Jacek Borkowski jest zasypywany propozycjami matrymonialnymi: "Mogę chodzić na spotkania codziennie"
Jacek Borkowski jest jednym z najbardziej znanych polskich aktorów. Jakiś czas temu jego życie bardzo się zmieniło. Wszystko dlatego, że zmarła jego ukochana Magdalena Gotowiecka, która przegrała walkę z chorobą.
Teraz Borkowski wraca powoli do normalnego życia. W jednym z ostatnich wywiadów zdradził, jak radzi sobie z obowiązkami domowymi.
To żadna filozofia, mnie te rzeczy zajmują 15-20 minut. Tak samo jeśli Jacek i Magda nabałaganią w swoich pokojach, to chętnie robię porządek za nich.
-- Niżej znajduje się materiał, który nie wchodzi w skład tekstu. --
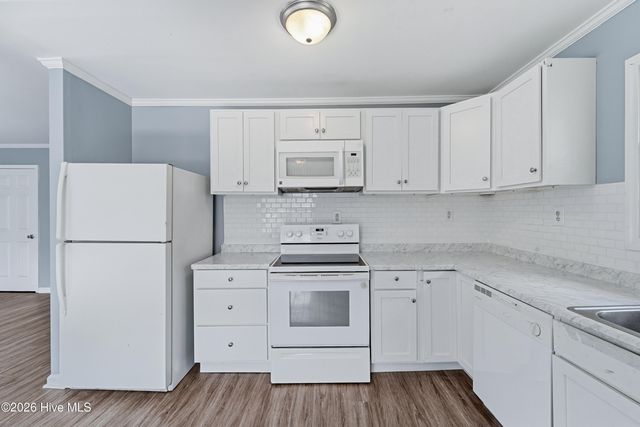 400 Country Club Road, Jacksonville, NC 28546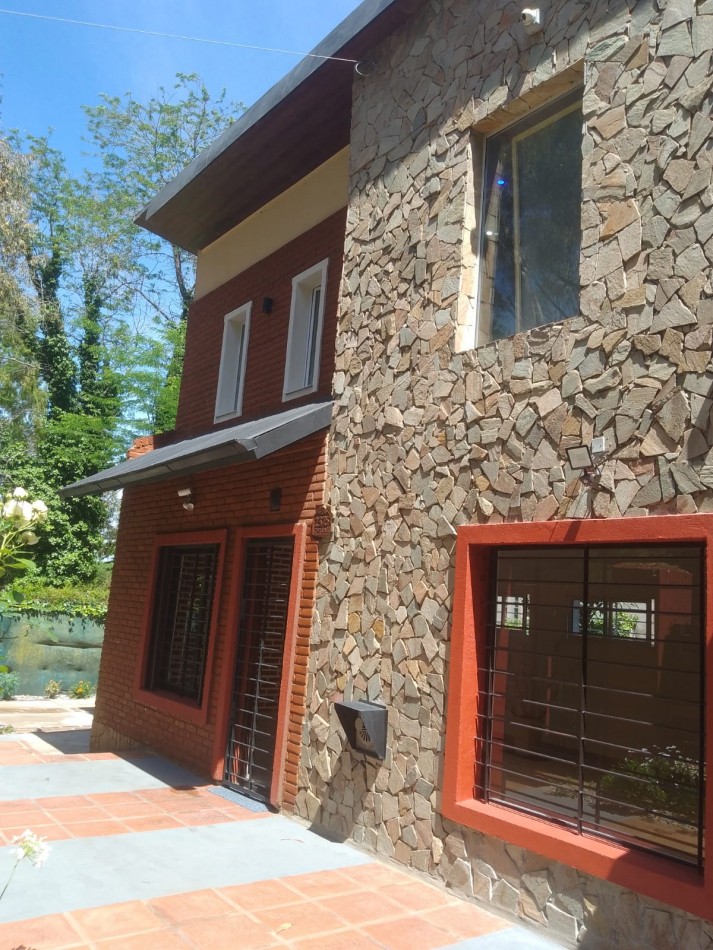 Hermoso chalet a estrenar en la zona de Santa Celina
Oni się jeszcze w życiu nasprzątają, nagotują, a teraz ich obowiązkiem jest nauka - mówi w Rewii
Borkowski wyznał, że jego dzieci bardzo przeżyły fakt, iż ich dom odwiedził kurator.
To był dla nas szok. Dzieci płakały i pytały mnie, czy nas rozdzielą i czy ja pójdę do więzienia. Wiele wysiłku włożyłem w to, by je uspokoić i by przed końcem roku szkolnego spokojnie pozdawały egzaminy i otrzymały świadectwa z dobrymi ocenami
Okazuje się, że aktor nie narzeka na zainteresowanie kobiet.
Nie wypada mi o tym mówić. Gdybym chciał, mógłbym codziennie chodzić na spotkania, ale ja nie jestem na to jeszcze gotowy. Moje dzieci też, a ich zdanie jest dla mnie bardzo ważne. Przecież nie chodzi tylko o moją partnerkę, ale o kogoś, kto w pewnym sensie zastąpi matkę moim dzieciom. To jeszcze nie jest czas na nowe znajomości. Jeszcze mogę się posypać emocjonalnie. Nawet gabinet mojej Madzi wygląda tak, jak go zostawiła przed wyjściem do szpitala. Nie ruszyłem tam niczego...
Jackowi Borkowskiemu życzymy powodzenia.